In a recent study by Christian Terwiesch, the Andrew M. Heller Professor at the Wharton School of the University of Pennsylvania and Chair of the Operations, Information, and Decisions department, the performance of OpenAI’s Chat GPT3 was evaluated on a final exam for a typical MBA core course, Operations Management. Professor Terwiesch is also co-director of Penn’s Mack Institute for Innovation Management, and holds a faculty appointment in Penn’s Perelman School of Medicine. His research on Operations Management and on Innovation Management appears in many of the leading academic journals, and he is an award-winning teacher with extensive experience in MBA teaching and executive education. He is also the co-author of the widely used textbook, “Matching Supply with Demand,” which is now in its third edition, and has launched the first Massive Open Online Course (MOOC) in business on Coursera, which has been taken by over half a million students.
The results of the study show that while Chat GPT3 excels in basic operations management and process analysis, it struggles with more advanced calculations and process analysis. The study found that Chat GPT3 performed exceptionally well on basic operations management and process analysis questions, including those based on case studies. The answers provided were not only correct, but the explanations were also deemed excellent by the researchers. However, the study also found that Chat GPT3 made surprising mistakes in relatively simple calculations at the level of 6th grade math. These mistakes, according to the study, can be massive in magnitude.
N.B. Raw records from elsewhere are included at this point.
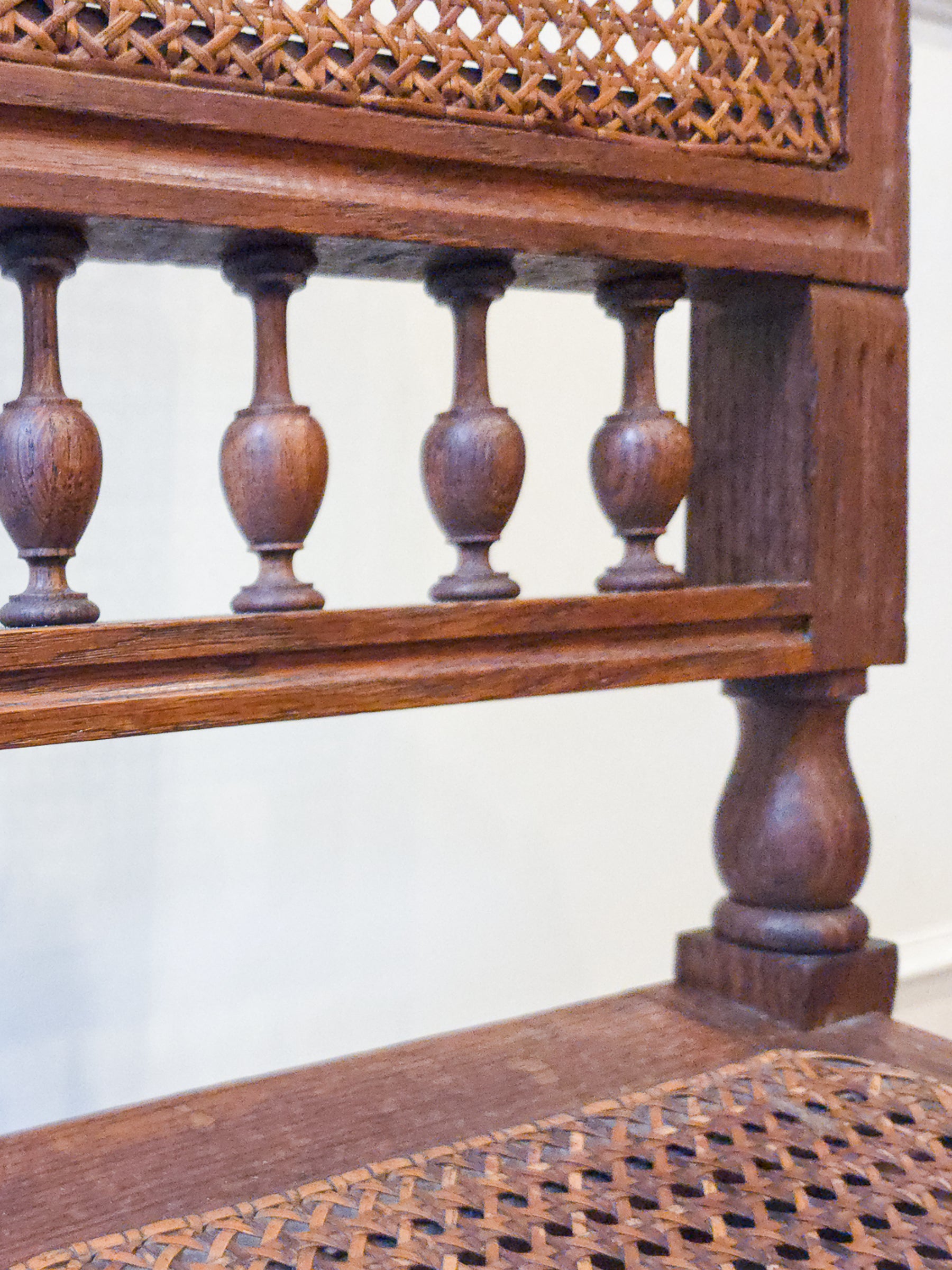 Pair of Antique French Carved Oak Chairs, Late 19th Century with Cane Seats and Backs.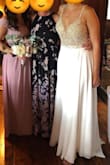 I wore this on my wedding day and people were baffled I bought it online (and for so cheap!) It was absolutely gorgeous and exactly what I wanted. I did have to alter it (hemmed it, took it in just a little, added extra cups and a bustle) but it was so worth it. I am so happy I found this dress. It was also super comfortable and fun to dance in! - Barbara B.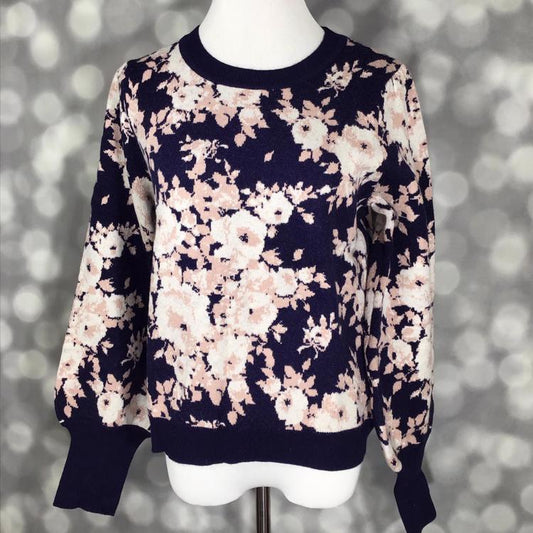 LuLaRoe Piper Sweater in deep navy knit with blush and ivory floral print, solid navy ribbed neckline, hem, and extended cuffs, featuring balloon sleeves displayed on mannequin against gray background.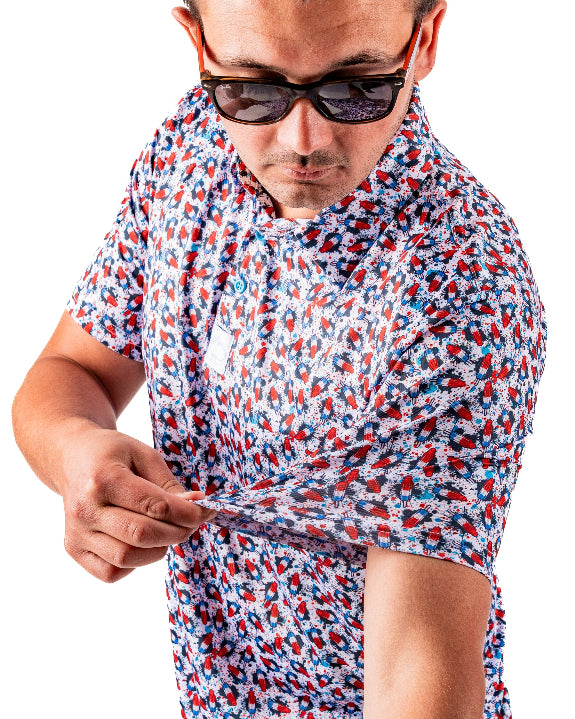 Men’s Bomb Pop Splatter golf polo by Pins & Aces featuring an all-over red, white, and blue splatter pattern with short sleeves and an athletic performance fit.
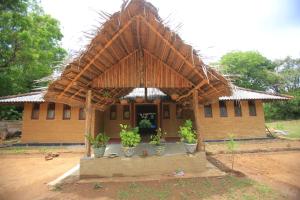 a small house with a straw roof at Sigiri Peace Hostel in Sigiriya
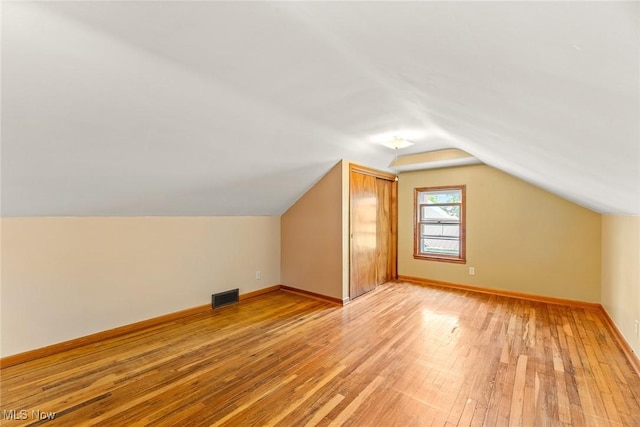 2330 Parkway Blvd, Alliance, OH 44601 - additional living space with light wood-style flooring and lofted ceiling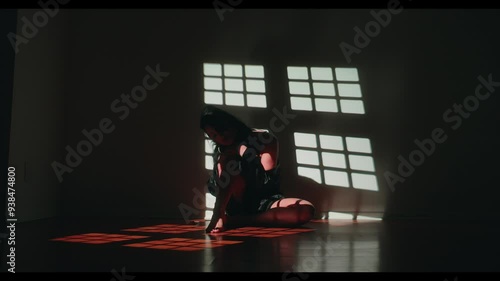 Woman sitting on wood floor swaying back and forth with shadow from window light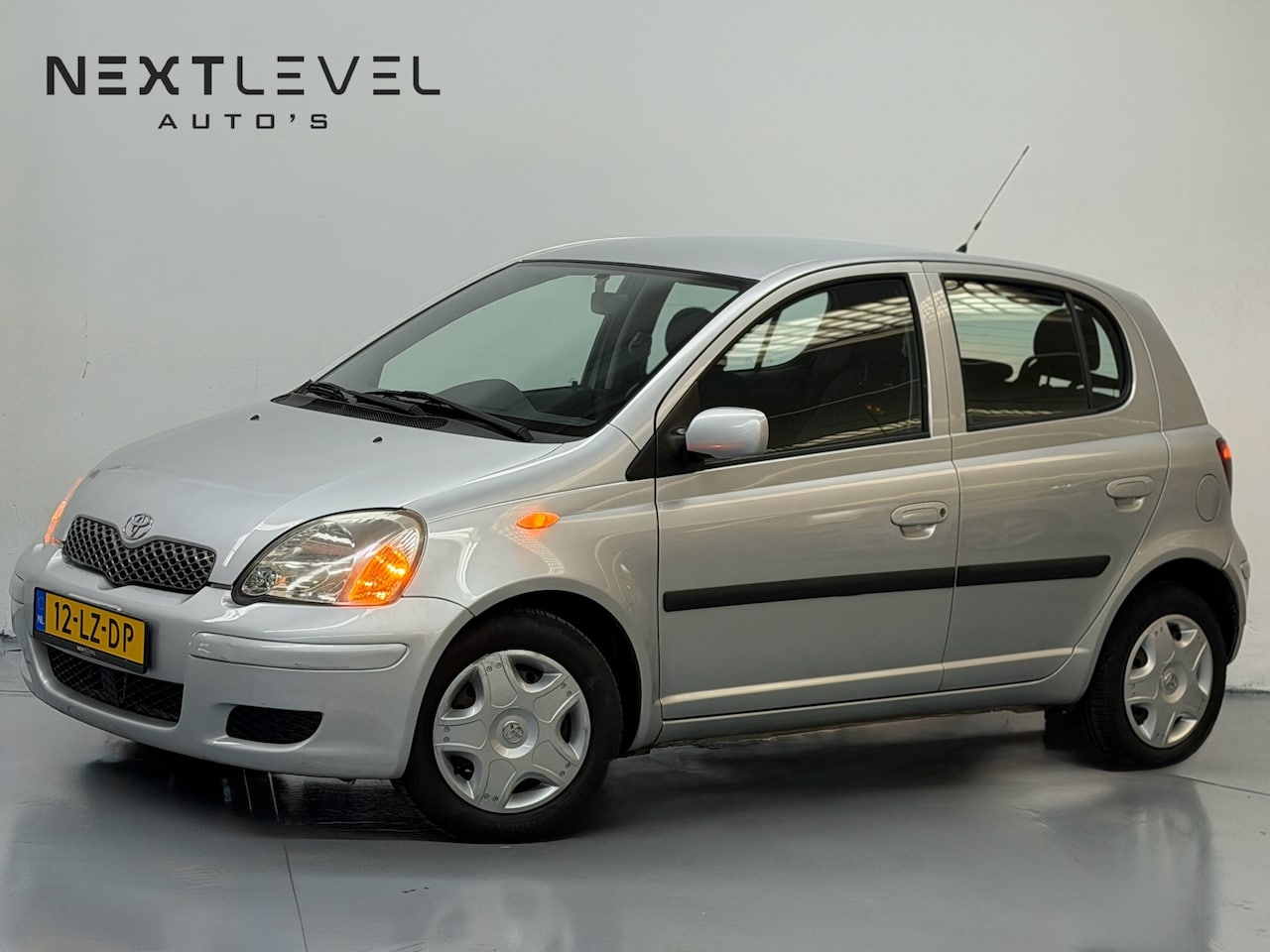 Toyota Yaris - 1.3 VVT-i Sol AUTOMAAT Airco NAP APK - AutoWereld.nl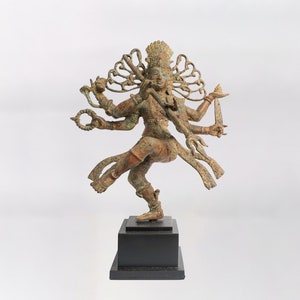 May include: A bronze statue of a Hindu deity with multiple arms, wearing a crown and holding various objects, including a trident and a sword. The statue is standing on a black base.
Furthermore, the present version of Chat GPT3 is not capable of handling more advanced process analysis questions, even when they are based on fairly standard templates. This includes process flows with multiple products and problems with stochastic effects such as demand variability. In these instances, the model struggled to match the problem with the appropriate solution method.
The study also found that Chat GPT3 is remarkably good at modifying its answers in response to human hints. In other words, when the model initially struggled with a problem, it was able to correct itself after receiving an appropriate hint from a human expert.
Based on the performance of Chat GPT3 in the operations management course, the study predicts that the model would have received a B to B- grade on the exam. This has important implications for business school education, including the need for exam policies, curriculum design focusing on collaboration between human and AI, opportunities to simulate real-world decision-making processes, the need to teach creative problem-solving, improved teaching productivity, and more.
In addition to the above implications, the study also highlights the need for MBA programs and faculty to be mindful of what Chat GPT3 can and cannot do, to continue to teach the foundations, and to deal with the cheating when testing foundational knowledge. Many educators are concerned that their students might be cheating on homework assignments and final exams using Chat GPT3 and other technologies of this type, and this is something that needs to be addressed.